Content starts

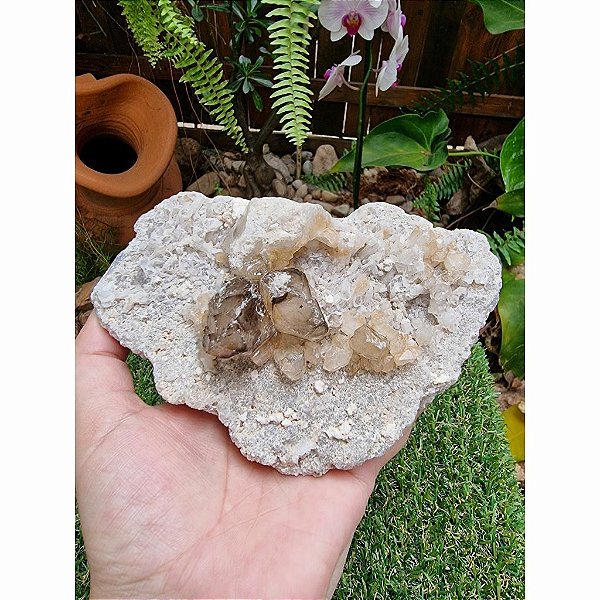 Aglomerado c/ Biterminados Quartzo Fumado, Quartzo e Quartzo Tangerina na Matriz Feldspato c/ Mica Dourada - Cod. PTN 92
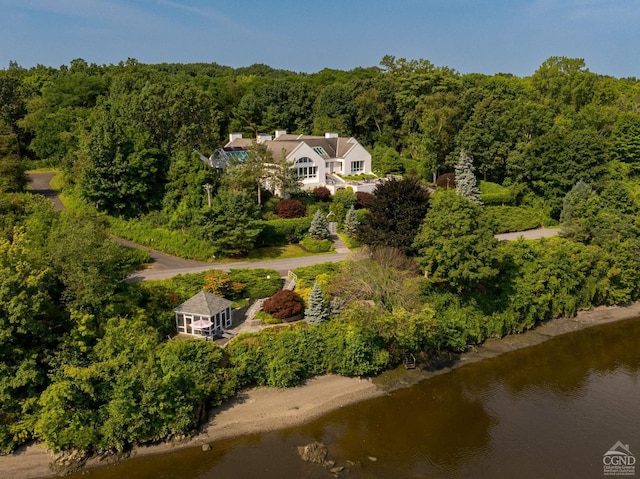 bird's eye view featuring a water view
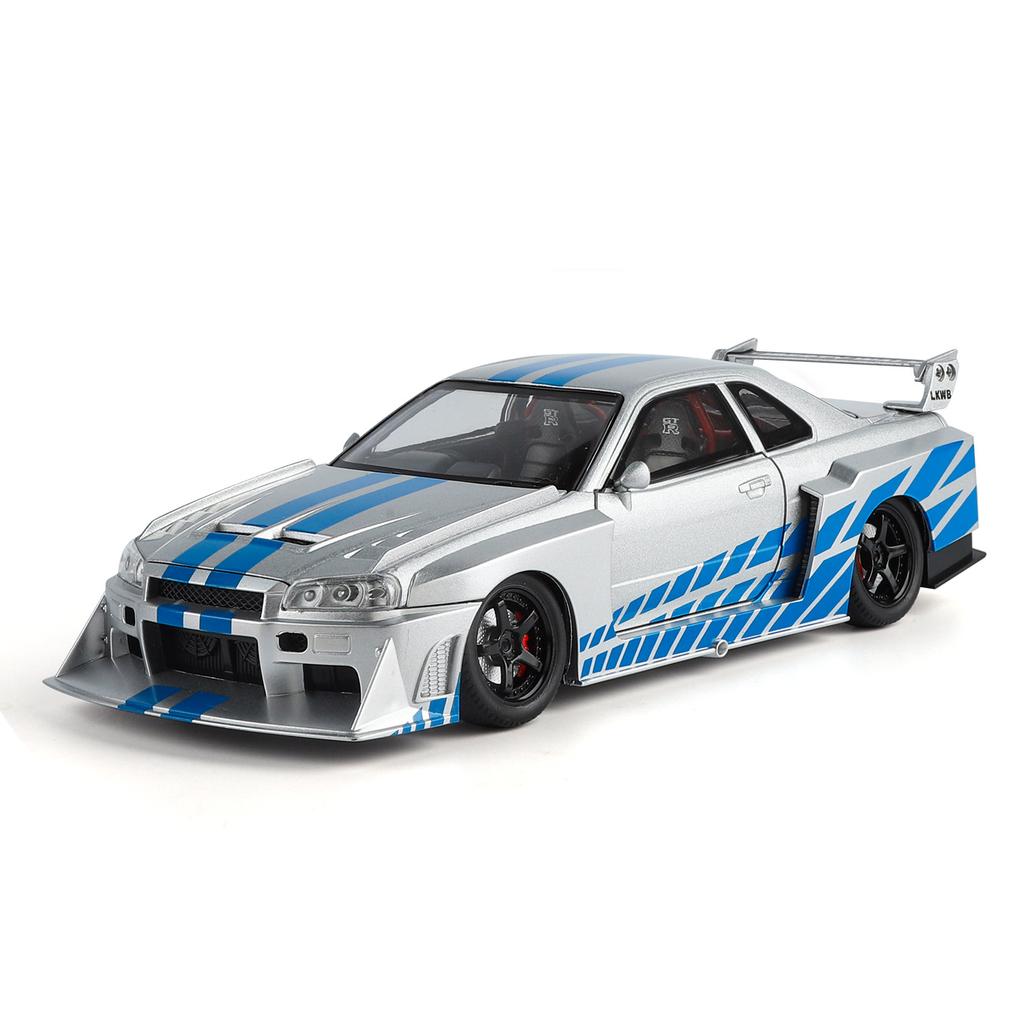1:24 Skyline Gtr Modificado Supercoche Metal de Aleación Modelo de Coche Fundición a Presión Sonido y Luz Colección de Modelo de Hobby Adorno de Moda Regalo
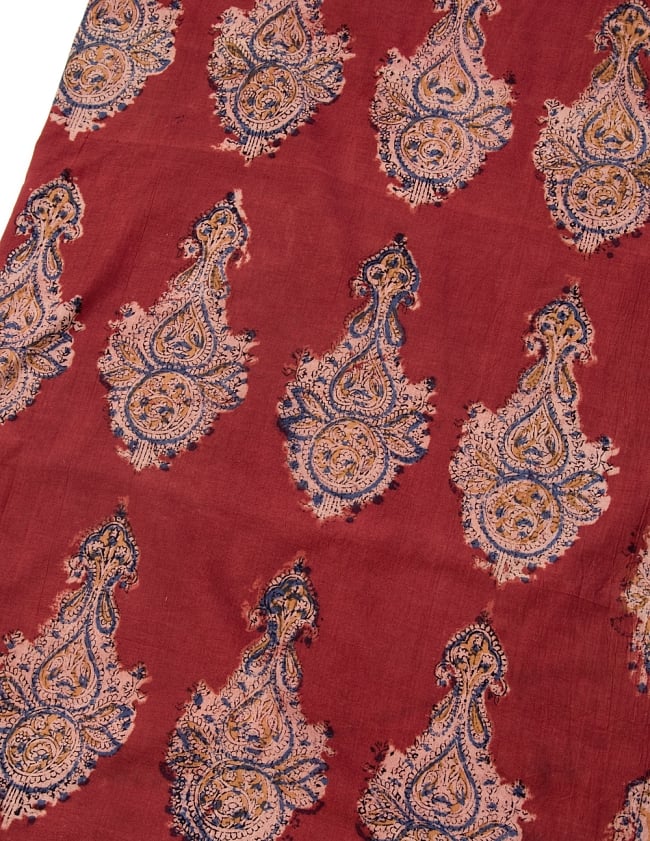 〔1m切り売り〕伝統息づく南インドから　昔ながらの木版染め更紗模様布〔114cm〕 - えんじ 2 - とても素敵な雰囲気です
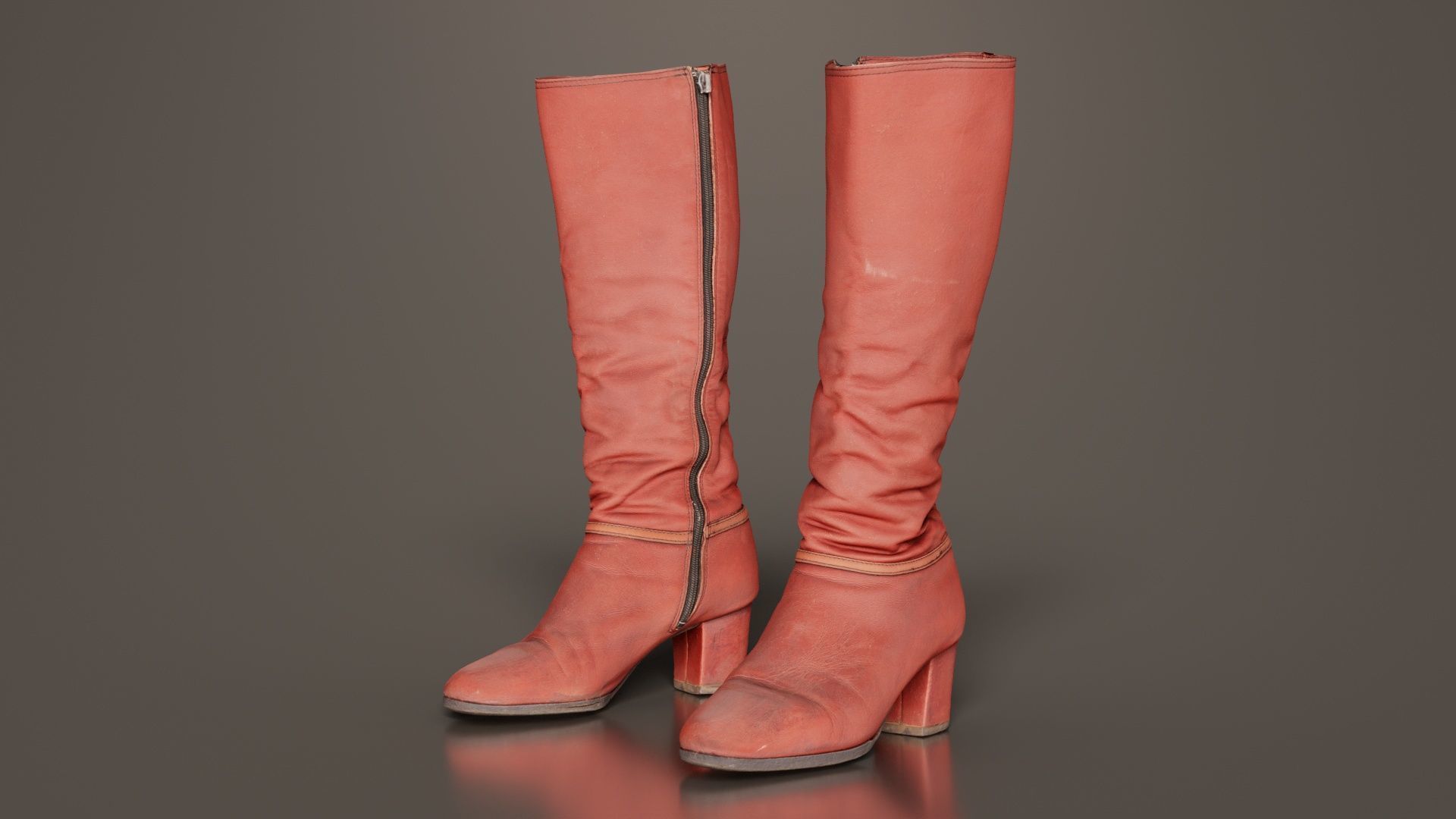 Leather Boot Zipper Low-poly 3D model_4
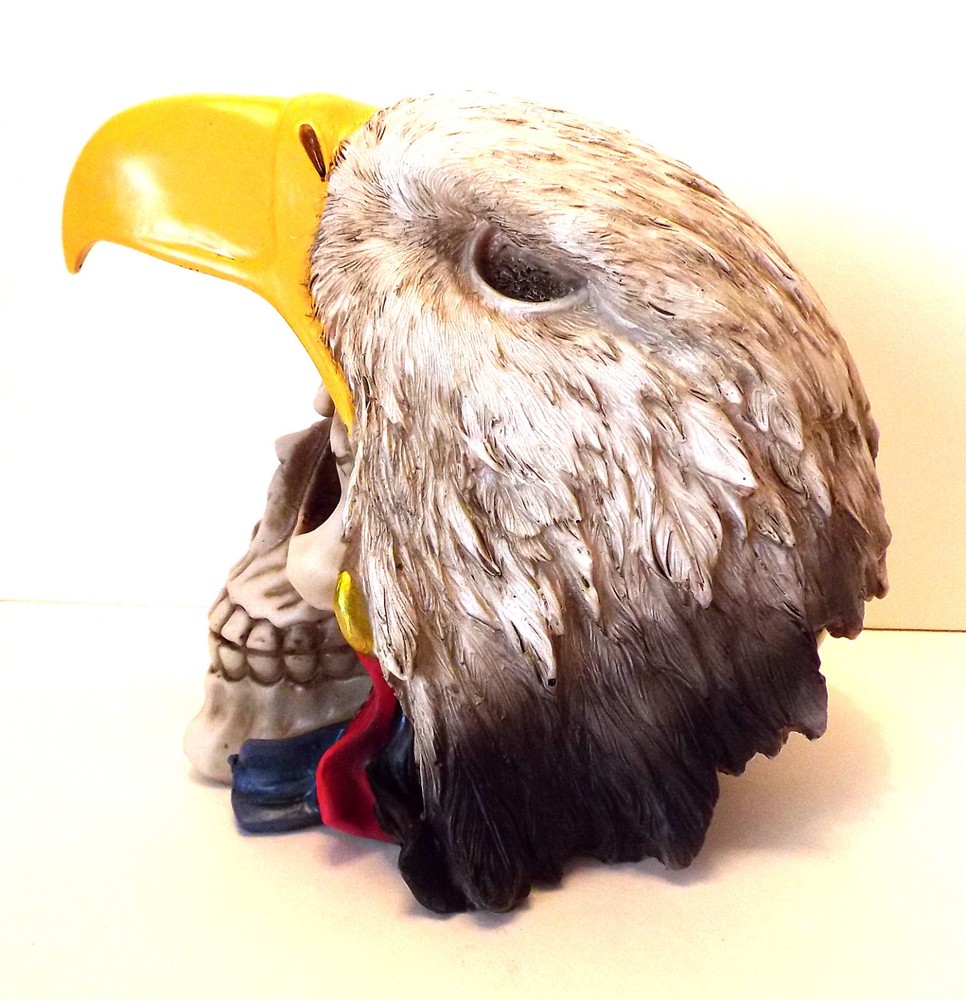 Skull with Eagle Hat Figurine Statue Skeleton Halloween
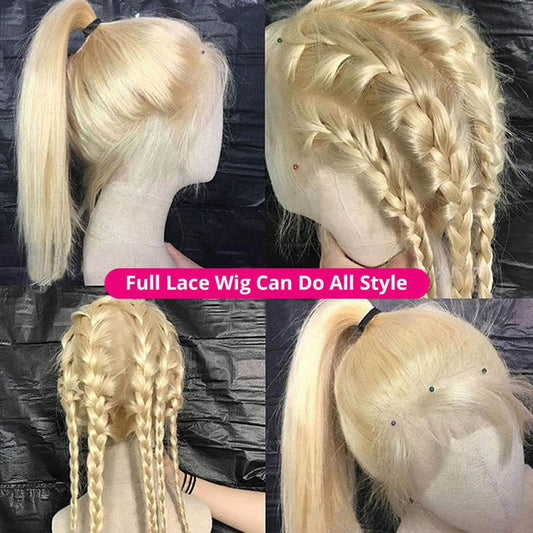 European and American Women's Wig Front Lace Wig Female 613 # Long Straight Hair Chemical Fiber Wig Head Cover Wigs - MarvelouStoree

Content ends

### Task to carry out
Every line of the data should be copied as it stands, without the images.

### Output
 Aglomerado c/ Biterminados Quartzo Fumado, Quartzo e Quartzo Tangerina na Matriz Feldspato c/ Mica Dourada - Cod. PTN 92
 bird's eye view featuring a water view
1:24 Skyline Gtr Modificado Supercoche Metal de Aleación Modelo de Coche Fundición a Presión Sonido y Luz Colección de Modelo de Hobby Adorno de Moda Regalo
 〔1m切り売り〕伝統息づく南インドから　昔ながらの木版染め更紗模様布〔114cm〕 - えんじ 2 - とても素敵な雰囲気です
 Leather Boot Zipper Low-poly 3D model_4
 Skull with Eagle Hat Figurine Statue Skeleton Halloween
 European and American Women's Wig Front Lace Wig Female 613 # Long Straight Hair Chemical Fiber Wig Head Cover Wigs - MarvelouStoree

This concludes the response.